GROMACS¶
GROMACS (GROningen MAchine for Chemical Simulations) is a versatile package to perform molecular dynamics, i.e. simulate the Newtonian equations of motion for systems with hundreds to millions of particles.
Policy¶
GROMACS is available to users at HPC2N under the condition that published work include citation of the program. GROMACS is Free Software, available under the GNU General Public License.
Citations
Published work must include a citation of the program.
Principal Papers:
- Berendsen, et al. (1995) Comp. Phys. Comm. 91: 43-56. (DOI)
- Lindahl, et al. (2001) J. Mol. Model. 7: 306-317. (DOI)
- van der Spoel, et al. (2005) J. Comput. Chem. 26: 1701-1718. (DOI)
- Hess, et al. (2008) J. Chem. Theory Comput. 4: 435-447. (DOI)
- Pronk, et al. (2013) Bioinformatics 29 845-854. (DOI)
- Páll, et al. (2015) Proc. of EASC 2015 LNCS, 8759 3-27. (DOI, arxiv)
- Abraham, et al. (2015) SoftwareX 1-2 19-25 (DOI)

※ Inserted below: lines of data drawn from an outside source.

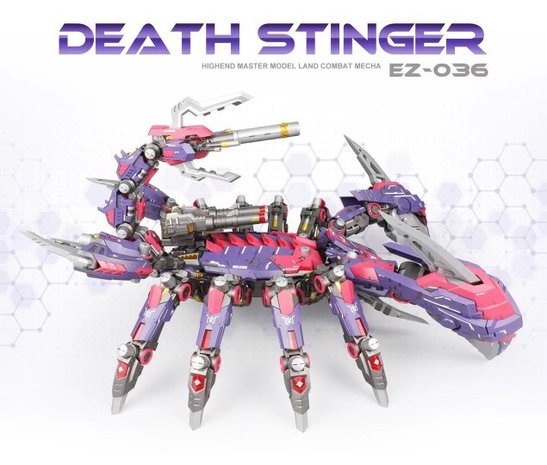 DeathStinger EZ-036 1/72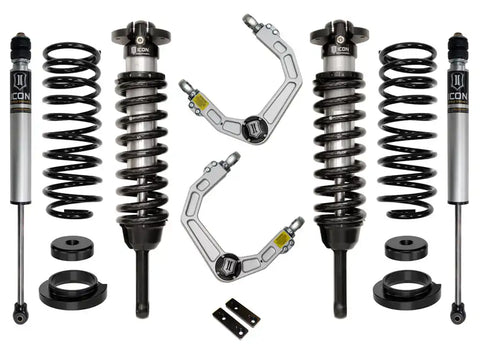 ICON Vehicle Dynamics FRDK_K53172 03-09 GX470 0-3.5" STAGE 2 SUSPENSION SYSTEM W BILLET UCA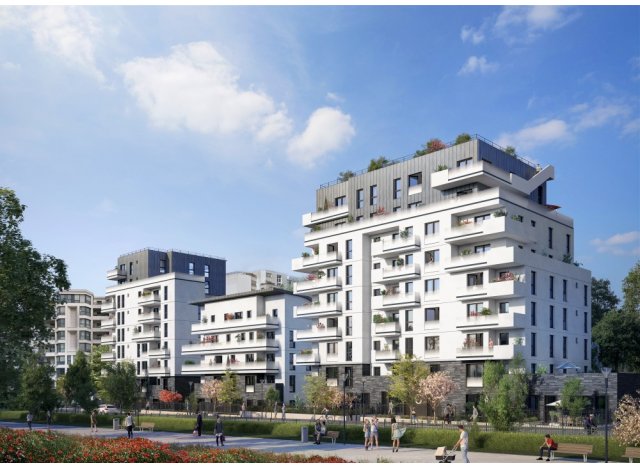 Programme immobilier neuf L'Exception  Boulogne-Billancourt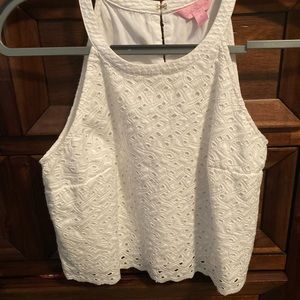 Lilly Pulitzer crop top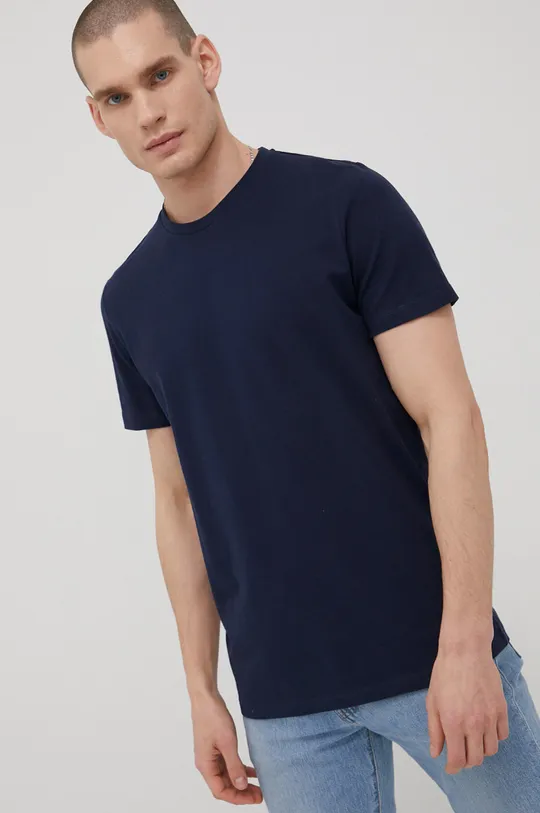 σκούρο μπλε Βαμβακερό μπλουζάκι Produkt by Jack & Jones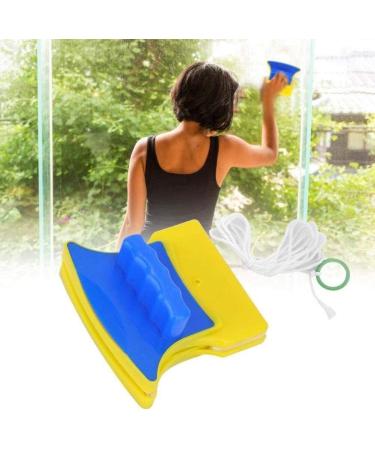 CTCOIJRN Double-Sided Magnetic Window Cleaner Wiper Brush Useful Glass Surface Cleaning Tool Wiper - Buy Online on GoSupps.com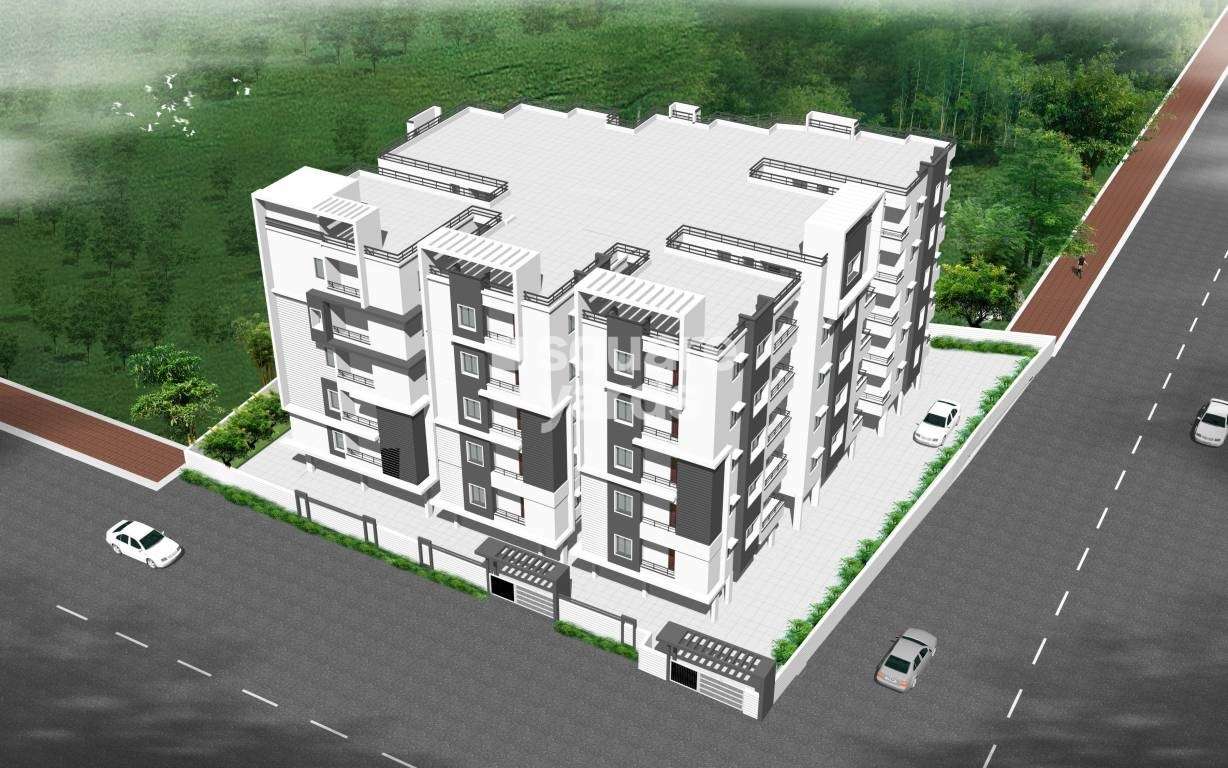 transcon lakshmi narasimha residency project tower view1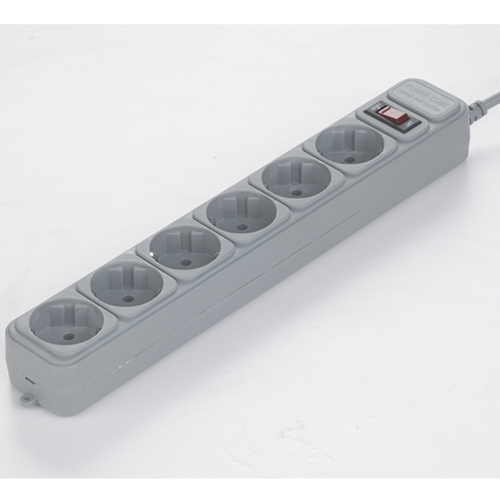 Pilt SPG6-B-6C | Sockets quantity 6 | Surge protector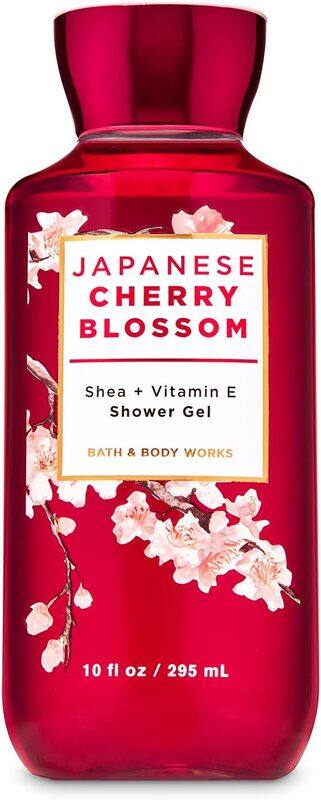 

Bath & Body Works Japanese Cherry Blossom Shea and Vitamin E Shower Gel, 295ml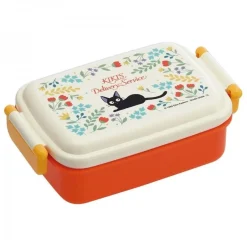 Maison Ghibli Kitchenware-Lunch Box 2 Locks Kiki Botanique Garden - Kiki'S Delivery Service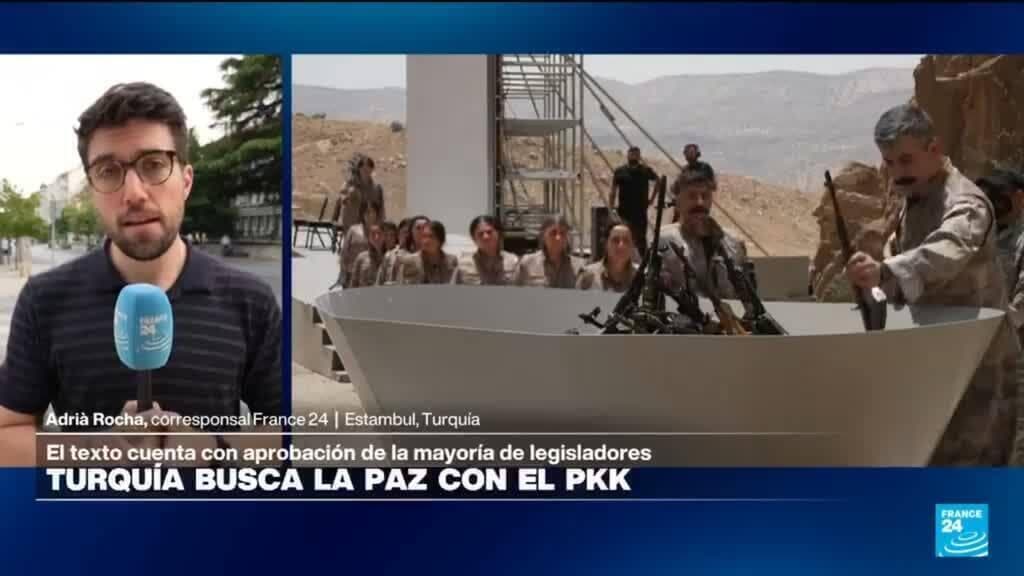 Turquía: Gobierno de Erdogan presenta proyecto de amnistía para militantes condenados del PKK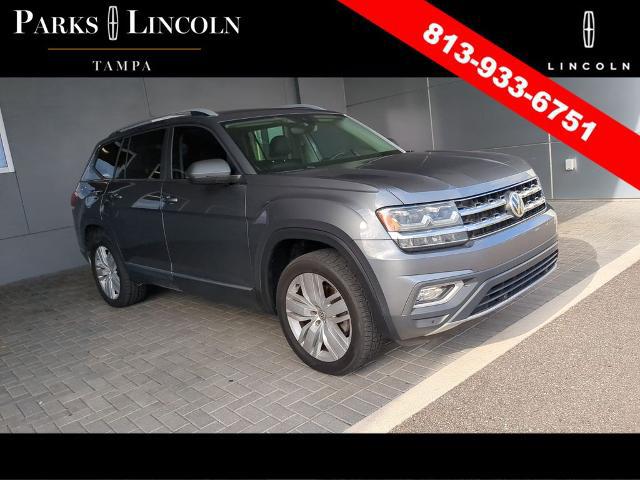 2019 Volkswagen Atlas 3.6L V6 SEL for sale in Tampa, FL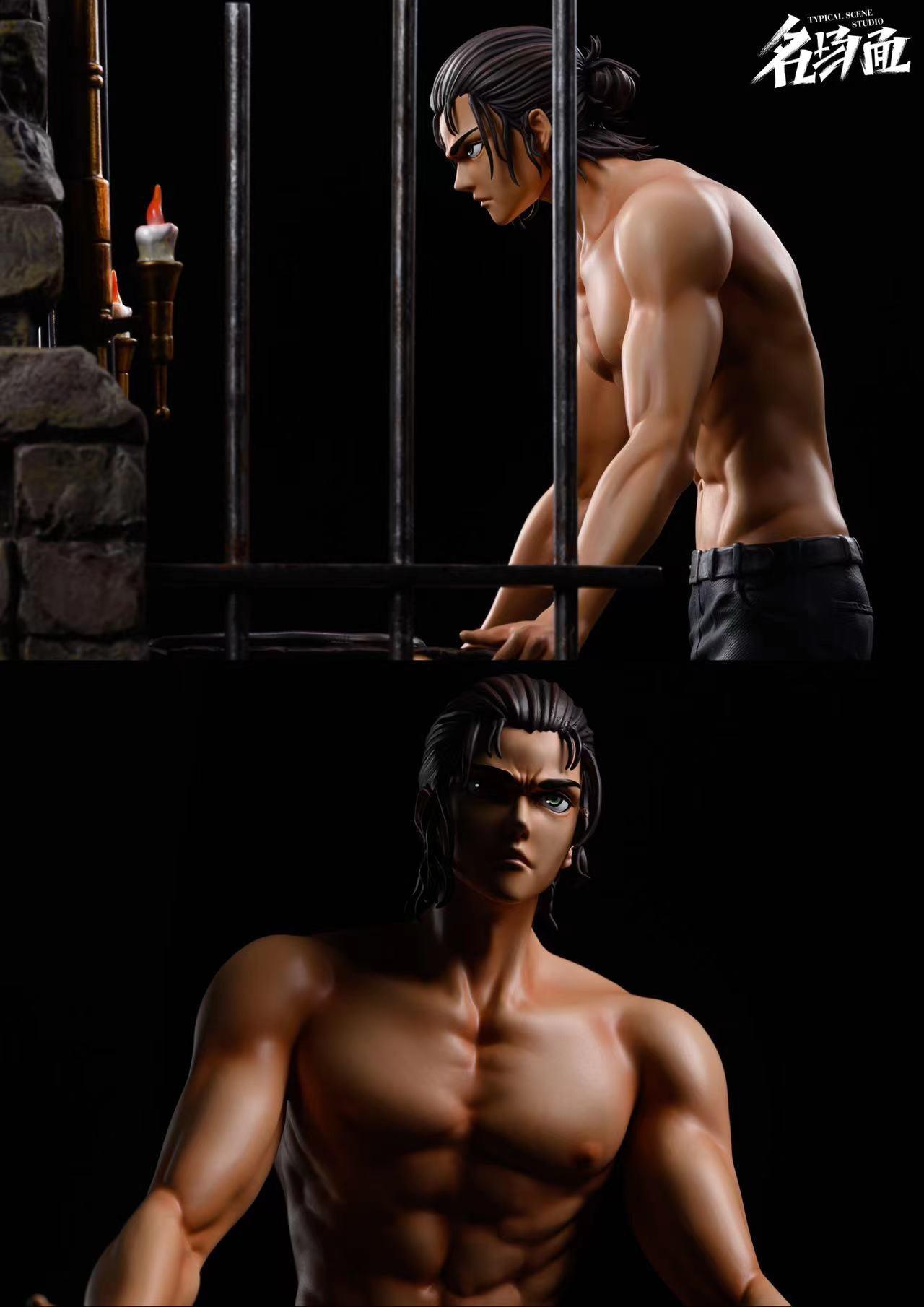 Attack on Titan Eren Yeager 1/6 Scale Resin TOPGK Statue-Typical Scene Studio - Image 4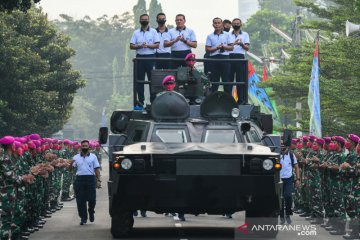 Kasal apresiasi dedikasi Korps Marinir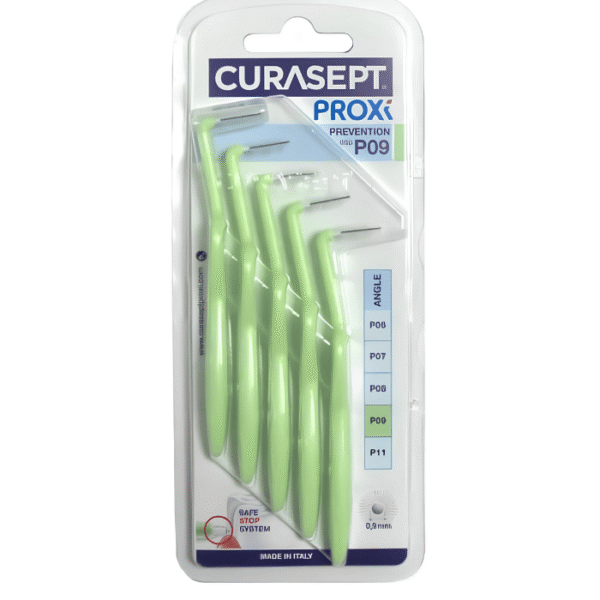 Curasept Proxi Angle P09 Brossettes Interdentaires Coudées 5 unités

More information can be found in the GROMACS documentation.
Overview¶
GROMACS was first developed in Herman Berendsens group, department of Biophysical Chemistry of Groningen University. It is a team effort, with contributions from several current and former developers all over world.
GROMACS is a versatile package to perform molecular dynamics, i.e. simulate the Newtonian equations of motion for systems with hundreds to millions of particles.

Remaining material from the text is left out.